Rajesh Naik

Personal information
- Full name: Rajesh Rama Naik
- Born: 20 December 1974 (age 51) Mapusa, Goa, India
- Batting: Right-handed
- Bowling: Right-arm off break

Domestic team information
- 1993/94–2003/04: Goa
- 2010: Dorset

Career statistics
| Competition | First-class | List A |
| Matches | 28 | 21 |
| Runs scored | 1,047 | 326 |
| Batting average | 20.52 | 23.28 |
| 100s/50s | 1/4 | –/1 |
| Top score | 133 | 78* |
| Balls bowled | 779 | 399 |
| Wickets | 2 | 7 |
| Bowling average | 227.00 | 45.57 |
| 5 wickets in innings | – | – |
| 10 wickets in match | – | – |
| Best bowling | 1/75 | 2/13 |
| Catches/stumpings | 9/– | 4/– |
- Source: Cricinfo, 30 September 2018

= Raj Naik =

Indian former first-class cricketer

Rajesh Rama Naik (born 20 December 1974) is an Indian former first-class cricketer.

==Life and career==
Naik was born at Mapusa in north Goa. He made his debut for Goa in a List A one-day match against Kerala in December 1993 in the Ranji Trophy One Day competition. He featured twice more for Goa in that seasons competition. Having not featured for Goa since his three initial one-day matches, Naik made a return to the Goan side, returning to one-day action in the 1995–96 Ranji Trophy One Day competition. He made his debut in first-class cricket in January 1996 against Tamil Nadu in the 1995–96 Ranji Trophy. He continued to play first-class and List A one-day cricket for Goa until the 2003–04 season, having by that point played a total of 28 first-class and 20 List A matches for Goa. He scored 1,047 runs in first-class cricket, with a highest score of 133, which was his only century. His batting average was 20.52; he bowled 129.5 overs in first-class cricket, taking two wickets at the high average of 227.00. In List A matches he scored 326 runs, with a top score of 78 not out; he took seven wickets in one-day cricket, with a bowling average of 45.57. Naik also featured in a single List A match for the Will's XI against the Indian Board President's XI in the 1997–98 Wills Trophy at Bhilwara. Naik was dismissed in this match without scoring by Jacob Martin.

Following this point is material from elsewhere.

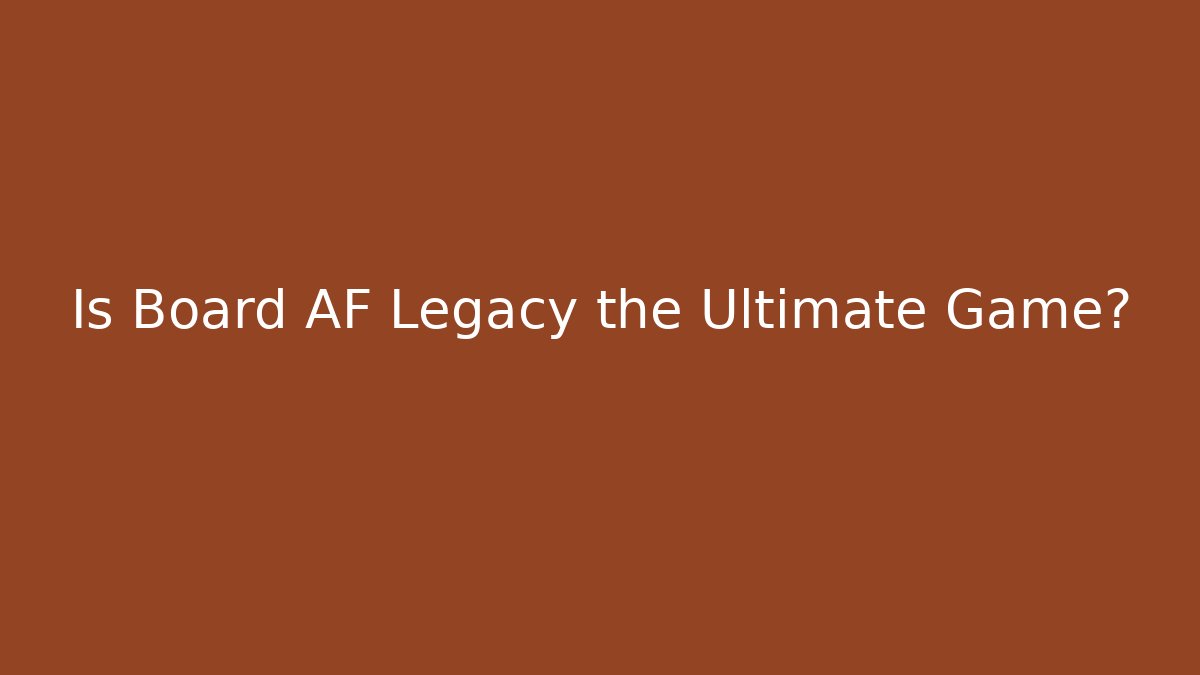 Is Board AF Legacy the Ultimate Game?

Naik later moved to England to coach cricket, where he played club cricket in Dorset and Hampshire. After strong performances in the Dorset league, he was selected to make his debut for Dorset in a friendly 20-over match against Somerset, played as part of Somerset's preparations for the 2010 Twenty20 Cup. He dismissed England international Craig Kieswetter during the match. Later that season, Naik made two appearances for Dorset in the Minor Counties Championship. He opened an Indian restaurant in Bournemouth in 2011.